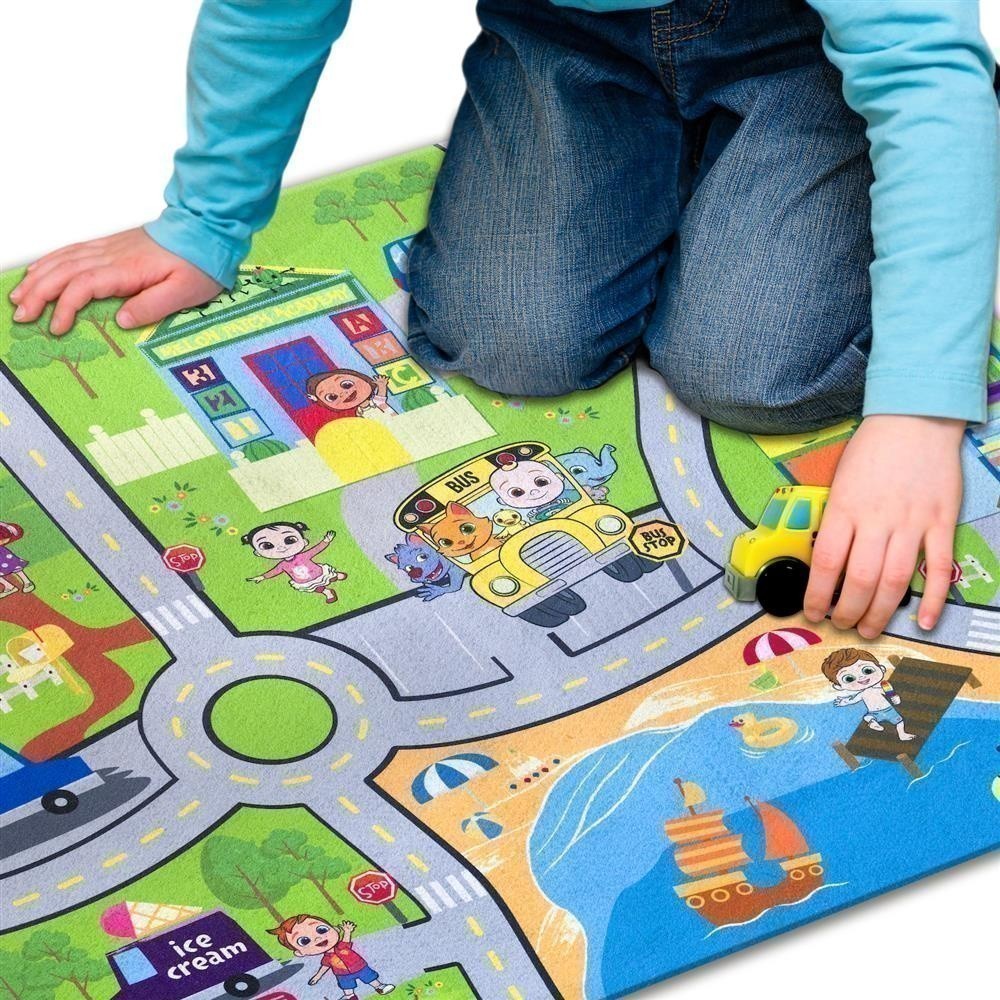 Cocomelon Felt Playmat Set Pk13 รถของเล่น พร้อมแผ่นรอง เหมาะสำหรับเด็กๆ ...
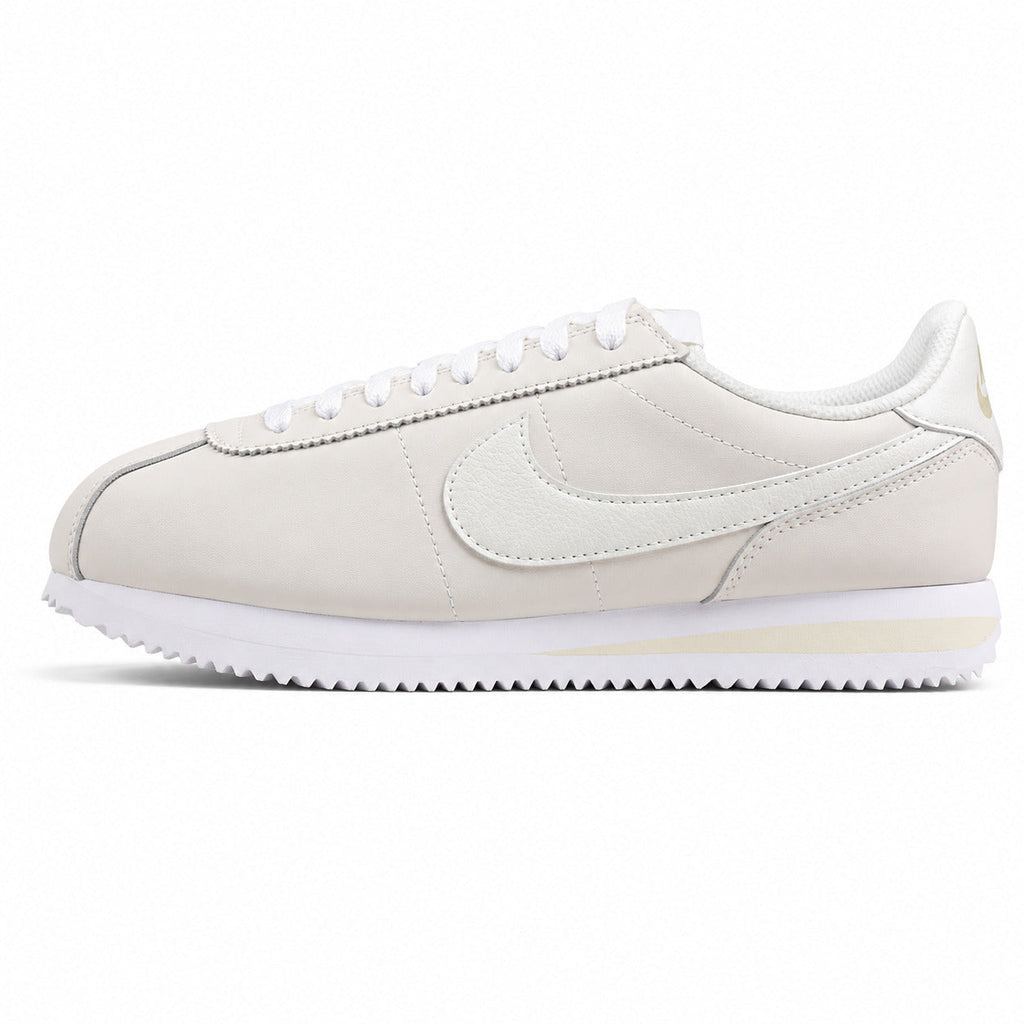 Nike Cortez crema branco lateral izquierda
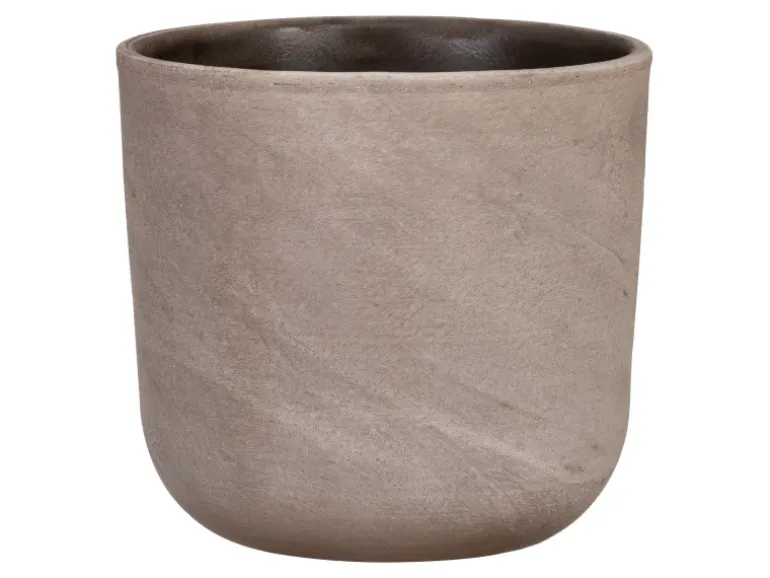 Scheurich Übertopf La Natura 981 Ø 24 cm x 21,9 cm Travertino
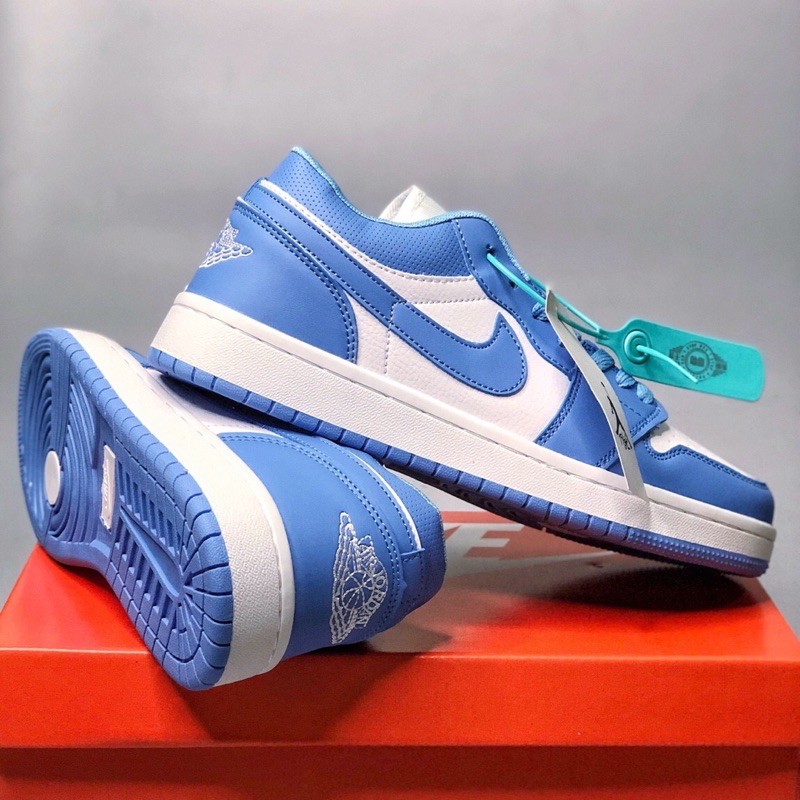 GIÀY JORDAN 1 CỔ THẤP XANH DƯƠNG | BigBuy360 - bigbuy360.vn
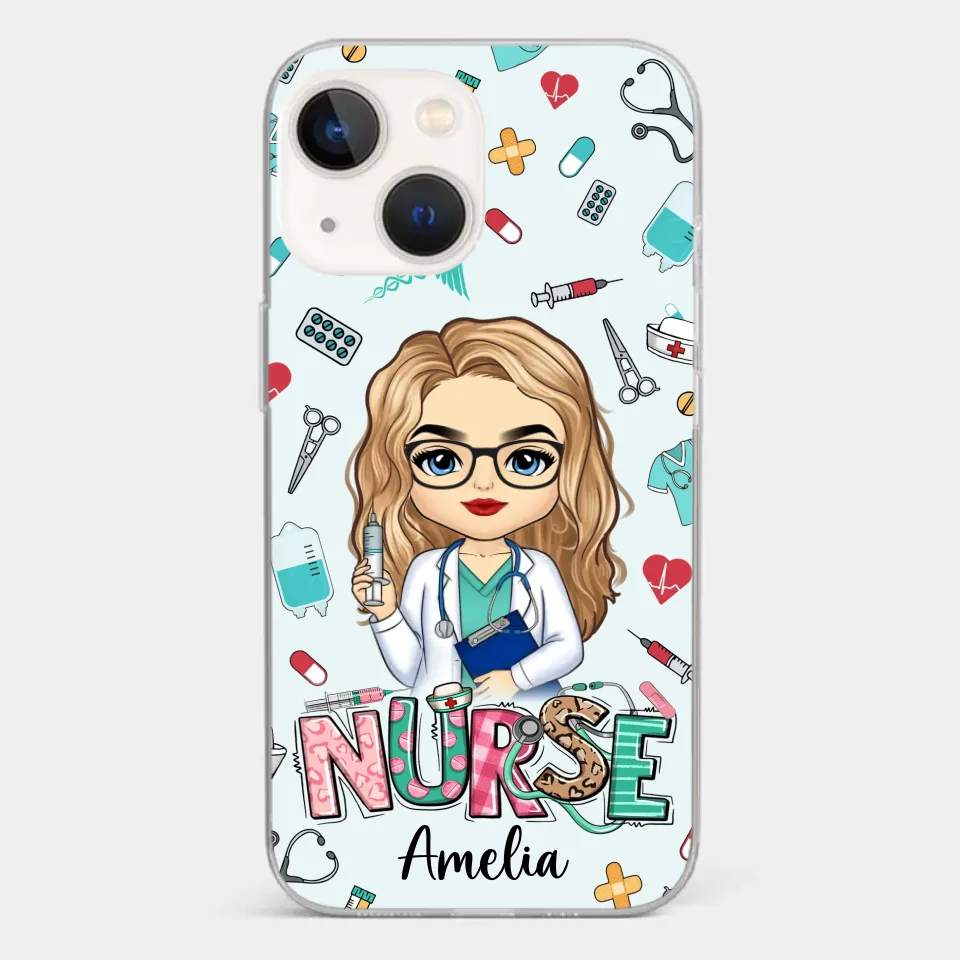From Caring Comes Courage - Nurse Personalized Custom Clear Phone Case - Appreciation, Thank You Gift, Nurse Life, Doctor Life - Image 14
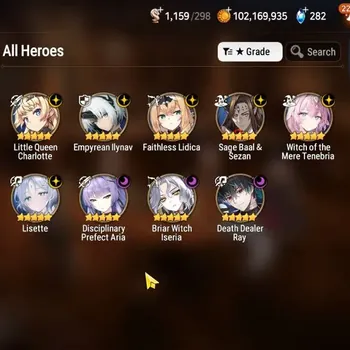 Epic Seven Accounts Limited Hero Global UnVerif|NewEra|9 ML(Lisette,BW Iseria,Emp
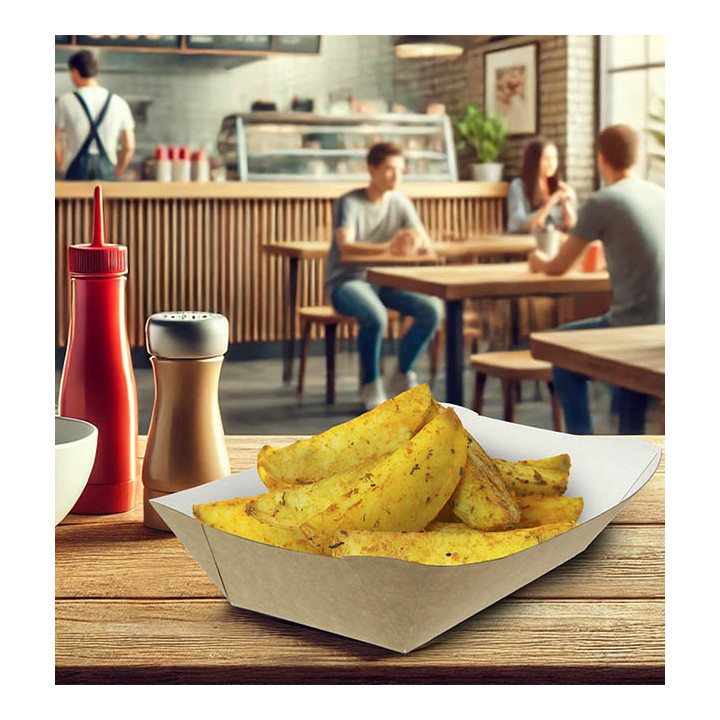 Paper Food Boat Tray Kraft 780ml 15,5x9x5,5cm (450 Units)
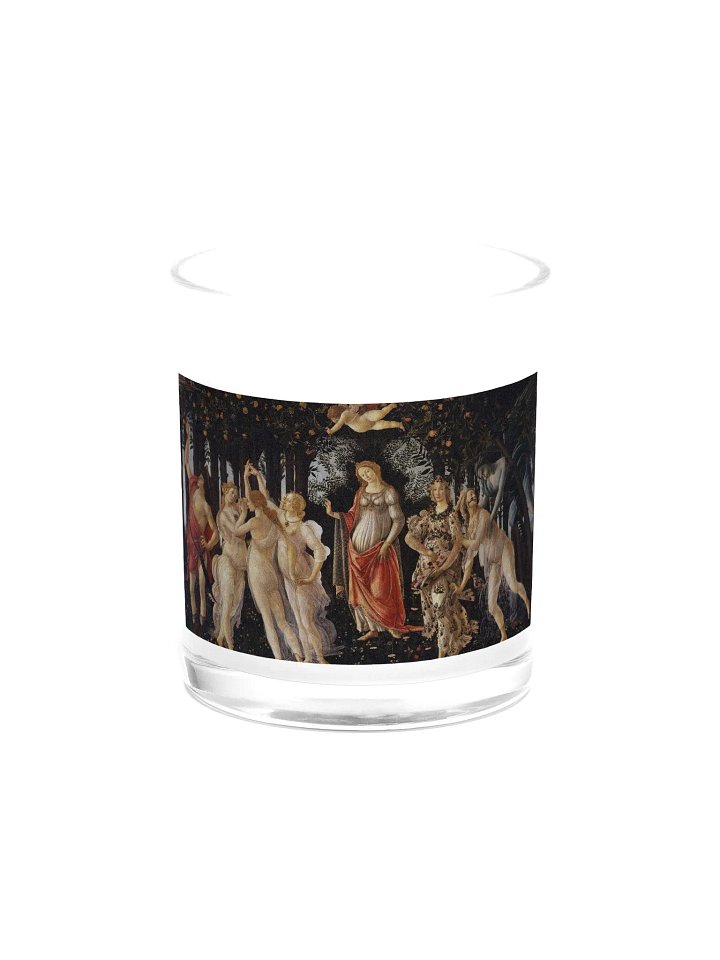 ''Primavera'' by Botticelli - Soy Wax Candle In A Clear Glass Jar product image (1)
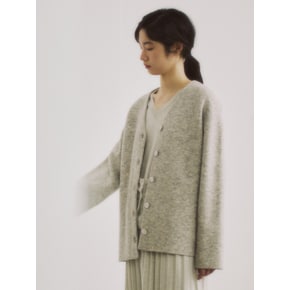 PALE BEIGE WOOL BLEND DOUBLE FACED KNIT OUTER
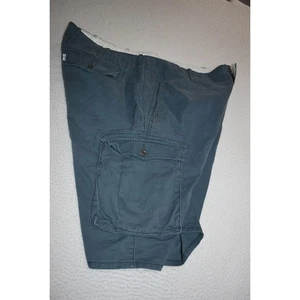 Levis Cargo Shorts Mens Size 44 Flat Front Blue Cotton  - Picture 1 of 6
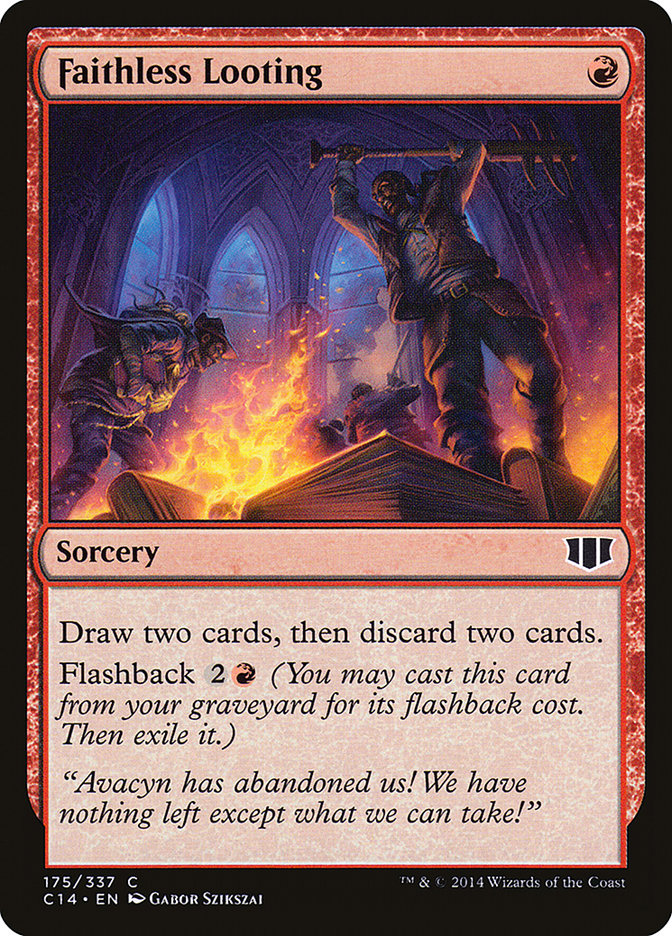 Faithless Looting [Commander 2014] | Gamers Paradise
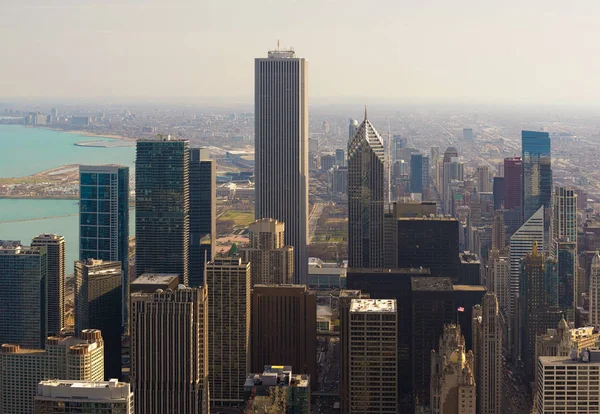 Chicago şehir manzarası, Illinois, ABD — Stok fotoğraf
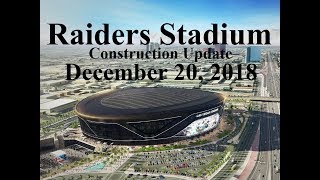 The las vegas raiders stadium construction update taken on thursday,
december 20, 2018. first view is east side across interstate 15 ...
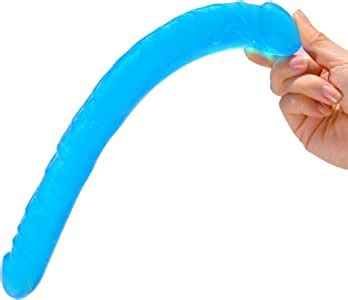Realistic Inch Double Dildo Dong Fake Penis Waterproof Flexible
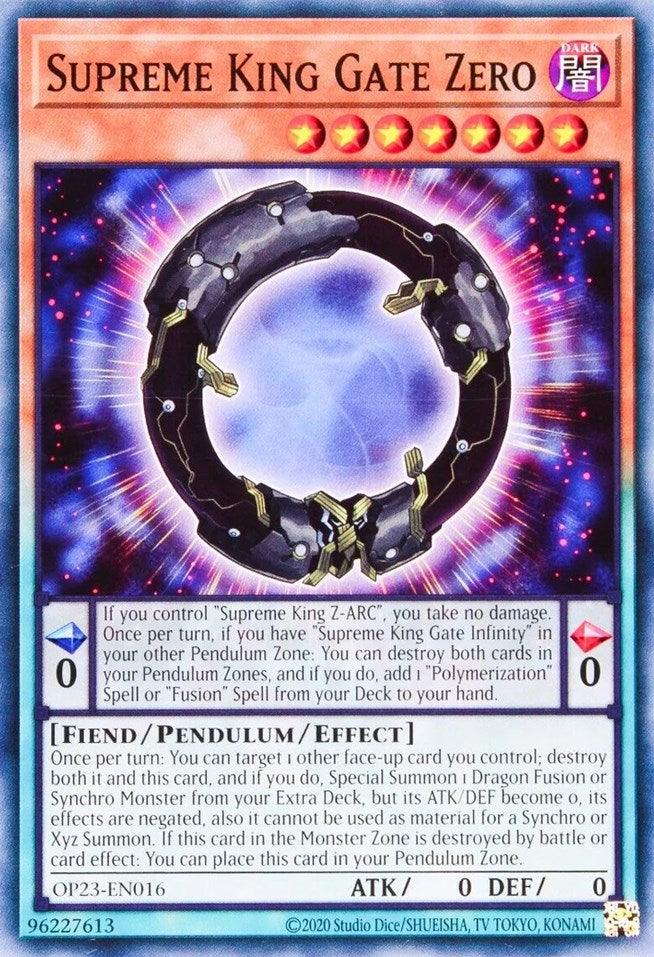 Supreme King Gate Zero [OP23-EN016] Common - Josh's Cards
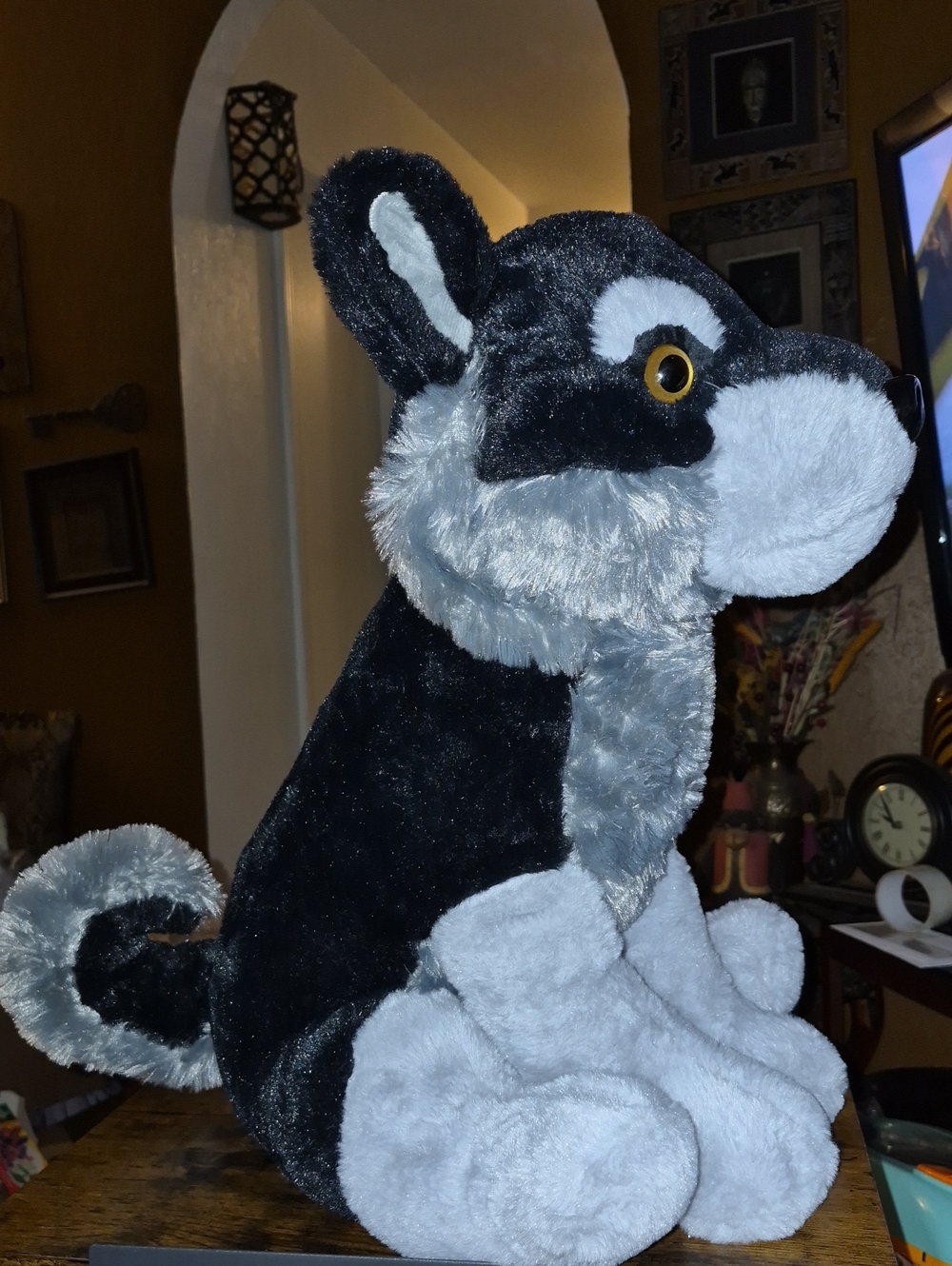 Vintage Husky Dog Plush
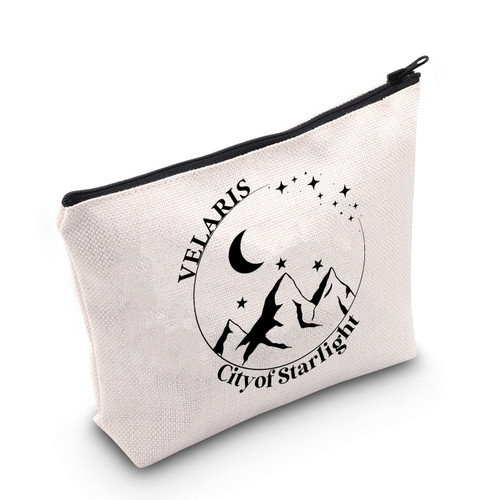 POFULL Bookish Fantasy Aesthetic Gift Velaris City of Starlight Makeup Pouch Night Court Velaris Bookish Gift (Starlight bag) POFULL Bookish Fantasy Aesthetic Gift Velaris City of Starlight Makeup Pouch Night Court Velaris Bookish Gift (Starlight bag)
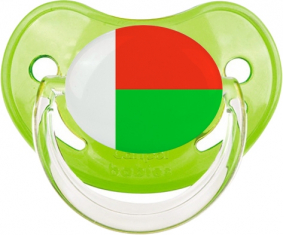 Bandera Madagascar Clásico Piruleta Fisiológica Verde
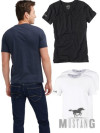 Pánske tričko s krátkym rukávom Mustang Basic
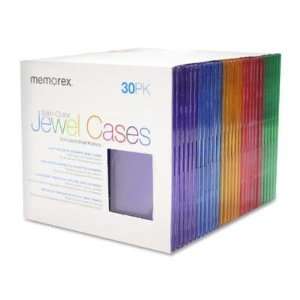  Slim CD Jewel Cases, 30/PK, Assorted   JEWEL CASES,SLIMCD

- [Your instructions] Stop at the line containing "GIÀY JORDAN 1" and include it. Everything from the first line of the material up to there is to be repeated exactly, leaving out pictures.

- [Solution for this exercise]
 Cocomelon Felt Playmat Set Pk13 รถของเล่น พร้อมแผ่นรอง เหมาะสำหรับเด็กๆ ...
 Nike Cortez crema branco lateral izquierda
 Scheurich Übertopf La Natura 981 Ø 24 cm x 21,9 cm Travertino
 GIÀY JORDAN 1 CỔ THẤP XANH DƯƠNG | BigBuy360 - bigbuy360.vn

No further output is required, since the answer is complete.